«O moriamo di fame, o moriamo di Coronavirus», sintetizza R., un’abitante del campo rom di Cupa Perillo a Scampia, e non c’è molta ironia nella sua voce. Non è l’unica cosa che pensa di questa situazione. Pensa anche che le circa centocinquanta bambine e bambini che frequentano regolarmente la scuola, relegati nelle baracche senza connessione e senza tablet non avranno alcuna possibilità di stare al passo con i compagni della loro età. Pensa ai vecchi che non hanno alcuna forma di reddito, che a stare fermi magari non si ammalano, ma che non possono andare avanti. Pensa a quelli già ammalati. Pensa a chi come lei ha un lavoro che ha subito un’interruzione e non sa se riprenderà, o a chi non ha niente, magari per assenza di documenti, e deve comunque uscire tutti i giorni per pensare alla sopravvivenza per sé e per gli altri. Tuttavia, in maniera disciplinata, spaventati come tutte e tutti su questo pianeta, le norme di chiusura i rom le hanno rispettate alla lettera, senza muoversi. E almeno nessuno si è ammalato di Coronavirus.
L., che invece vive in una casa popolare con la madre e i figli, e si è trasferita da un quartiere all’altro perché vittima di violenza, è stata colpita dal confinamento in una fase di transizione della sua vita, alle prese con tribunali e servizi sociali; badante a nero, oggi si trova senza niente, senza possibilità di iscrivere i figli in un’altra scuola, e si è dovuta rivolgere a qualcuno che la aiutasse vincendo la vergogna e la rabbia. Ma almeno ha avuto il coraggio di andarsene di casa e si trova in un luogo sicuro.

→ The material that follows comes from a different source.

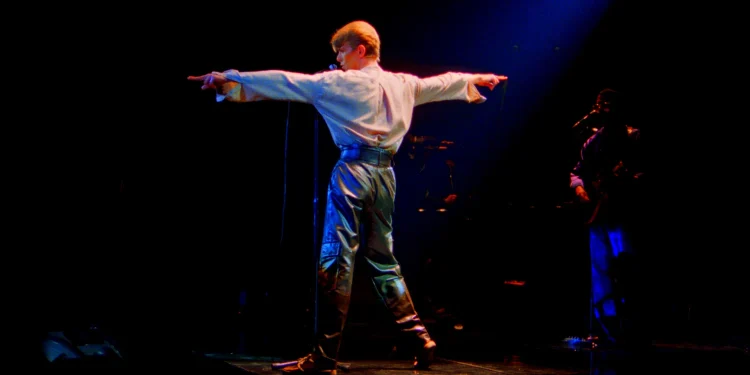 David Bowie steht mit ausgestreckten Armen auf einer dunkel beleuchteten Konzertbühne – Pressefoto zur Show STAGE in Berlin 2027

G. in tutta la vita è riuscito sempre a portare avanti la famiglia, ha lavorato finché i cantieri edili sono stati aperti ma adesso non sa nemmeno immaginarsi un futuro, e anzi è meglio che non ci pensa affatto.
Lavoratrici stagionali, imbianchini senza contratti, disoccupati di lungo corso, lavoratori regolari ma con datori di lavoro che non si sono presi il fastidio di fare la semplice richiesta di cassa integrazione e che non vogliono essere disturbati pena il licenziamento, anziani con un’unica pensione sociale che copre figlie, suoceri e nipoti, padri di famiglia percettori di incredibili redditi di cittadinanza – quaranta euro in certi casi per un intero nucleo familiare –, abitanti di rioni popolari, regolari e occupanti, rom dei campi autorizzati e non autorizzati. Si parla di decine di migliaia di persone, nella sola area nord di Napoli, per le quali la pandemia significa un pericolo per la salute e il crollo di un intero, fragilissimo, sistema di vita che finora si era mantenuto in equilibro grazie allo sforzo fisico e mentale, all’istinto di sopravvivenza e probabilmente anche alla famosa arte di arrangiarsi che crea prospettive imprevedibili.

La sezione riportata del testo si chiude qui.